19. An electrochemical cell comprising a first electrode and a second electrode, the first electrode is the electrode of claim 18.

20. The electrochemical cell of claim 19, wherein said second electrode comprises carbon or a lithium titanate.

21. The electrochemical cell of claim 20, wherein said carbon comprises graphite.

22. The electrochemical cell of claim 19, characterized by a discharge capacity of greater than 140 mAh/g maintainable over 400 cycles or more, optionally greater than 160 mAh/g maintainable over 400 cycles or more, when cycled with (~2 mAh/cm² cathode loading) cycled at 45 °C from 2.7 - 4.2 V with average C-rate > 1, when said electrochemical cell comprises a graphite anode.
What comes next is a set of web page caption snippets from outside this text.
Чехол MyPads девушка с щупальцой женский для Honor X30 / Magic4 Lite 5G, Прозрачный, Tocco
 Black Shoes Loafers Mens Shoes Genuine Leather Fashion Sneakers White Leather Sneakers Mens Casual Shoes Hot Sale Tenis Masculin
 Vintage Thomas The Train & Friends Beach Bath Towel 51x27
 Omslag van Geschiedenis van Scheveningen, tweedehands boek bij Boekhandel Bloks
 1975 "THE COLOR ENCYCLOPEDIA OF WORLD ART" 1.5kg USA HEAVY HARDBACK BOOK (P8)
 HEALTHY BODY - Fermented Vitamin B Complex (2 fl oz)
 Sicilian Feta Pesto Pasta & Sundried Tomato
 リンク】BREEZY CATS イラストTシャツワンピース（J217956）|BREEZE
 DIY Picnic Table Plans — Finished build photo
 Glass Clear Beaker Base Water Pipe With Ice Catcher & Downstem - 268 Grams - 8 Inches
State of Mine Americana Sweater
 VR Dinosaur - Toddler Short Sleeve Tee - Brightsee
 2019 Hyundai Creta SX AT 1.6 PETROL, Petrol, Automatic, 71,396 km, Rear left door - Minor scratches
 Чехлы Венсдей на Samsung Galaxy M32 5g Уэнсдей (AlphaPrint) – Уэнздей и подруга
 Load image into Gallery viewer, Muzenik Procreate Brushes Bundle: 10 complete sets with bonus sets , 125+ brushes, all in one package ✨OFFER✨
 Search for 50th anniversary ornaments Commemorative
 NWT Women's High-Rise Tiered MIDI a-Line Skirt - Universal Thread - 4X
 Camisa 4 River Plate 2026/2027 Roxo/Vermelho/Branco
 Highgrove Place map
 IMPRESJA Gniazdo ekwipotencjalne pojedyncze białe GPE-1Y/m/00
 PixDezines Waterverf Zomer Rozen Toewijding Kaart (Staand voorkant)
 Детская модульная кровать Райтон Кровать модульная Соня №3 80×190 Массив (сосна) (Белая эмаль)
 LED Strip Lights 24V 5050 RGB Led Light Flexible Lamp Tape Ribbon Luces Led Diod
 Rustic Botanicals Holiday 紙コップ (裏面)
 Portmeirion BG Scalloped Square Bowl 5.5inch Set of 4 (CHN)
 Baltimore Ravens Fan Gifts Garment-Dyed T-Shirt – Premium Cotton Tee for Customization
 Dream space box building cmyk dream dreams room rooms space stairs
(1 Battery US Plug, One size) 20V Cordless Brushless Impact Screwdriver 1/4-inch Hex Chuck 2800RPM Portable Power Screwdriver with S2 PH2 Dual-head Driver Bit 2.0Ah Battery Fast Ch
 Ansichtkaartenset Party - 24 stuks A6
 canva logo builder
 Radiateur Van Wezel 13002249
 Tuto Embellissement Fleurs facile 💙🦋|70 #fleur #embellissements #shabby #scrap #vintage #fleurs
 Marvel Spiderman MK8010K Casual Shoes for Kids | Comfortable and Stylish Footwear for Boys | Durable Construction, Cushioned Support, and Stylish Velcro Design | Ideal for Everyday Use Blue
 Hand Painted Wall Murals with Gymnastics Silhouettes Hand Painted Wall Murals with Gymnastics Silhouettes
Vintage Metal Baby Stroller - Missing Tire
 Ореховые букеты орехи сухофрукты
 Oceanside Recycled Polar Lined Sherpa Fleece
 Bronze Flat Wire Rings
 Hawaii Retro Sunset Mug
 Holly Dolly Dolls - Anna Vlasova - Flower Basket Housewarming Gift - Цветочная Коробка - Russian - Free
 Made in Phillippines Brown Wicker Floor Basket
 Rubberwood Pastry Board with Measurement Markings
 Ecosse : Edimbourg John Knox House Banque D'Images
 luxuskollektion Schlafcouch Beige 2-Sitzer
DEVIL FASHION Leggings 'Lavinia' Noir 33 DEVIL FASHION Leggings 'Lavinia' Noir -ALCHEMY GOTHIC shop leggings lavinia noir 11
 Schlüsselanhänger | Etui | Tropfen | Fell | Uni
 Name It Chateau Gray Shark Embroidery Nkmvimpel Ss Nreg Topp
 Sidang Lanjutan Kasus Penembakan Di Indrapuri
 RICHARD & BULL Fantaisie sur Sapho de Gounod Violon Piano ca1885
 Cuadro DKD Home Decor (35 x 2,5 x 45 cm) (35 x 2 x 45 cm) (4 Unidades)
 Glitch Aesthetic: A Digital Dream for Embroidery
23. The electrochemical cell of claim 19, characterized by a discharge capacity of greater than 140 mAh/g maintainable over 400 cycles or more, optionally greater than 200 mAh/g maintainable over 400 cycles or more, when cycled with (~2 mAh/cm² cathode loading) cycled at 45 °C from 2.7 - 4.6 V with average C-rate > 1, when said electrochemical cell comprises a graphite anode.

24. An electrochemical cell comprising: a cathode comprising an electrochemically active material of any of claims 1-9, an anode and an electrolyte, the electrolyte excluding ethylene carbonate.

25. The electrochemical cell of claim 24, wherein said anode comprises carbon or a lithium titanate.

26. The electrochemical cell of claim 25, wherein said anode comprises carbon.

27. The electrochemical cell of claim 24, wherein said electrolyte comprises a lithium salt and dimethyl carbonate alone or in combination with one or more additives.

28. The electrochemical cell of claim 27, wherein said additives are fluoroethylene carbonate (FEC), difluoroethylene carbonate (F2EC), tris(trimethylsilyl)malonate (TMSM), tris(trimethylsilyl)phosphite (TMSPi), tris(trimethylsilyl)phosphate (TMSPO4), lithium bis(oxalato)borate (LiDFOB), and the co-solvent 1, 1,2,2-tetrafluoroethyl 2,2,3,3-tetrafluoropropyl ether (TFETFPE). In some aspects, additives optionally include combinations of fluoroethylene carbonate, difluoroethylene carbonate, lithium difluoro(oxalato)borate, or a combination thereof.

29. An electrochemical cell comprising a cathode comprising an electrochemically active material as provided herein, an anode, and an electrolyte as described herein.

30. An electrochemically active material as provided herein.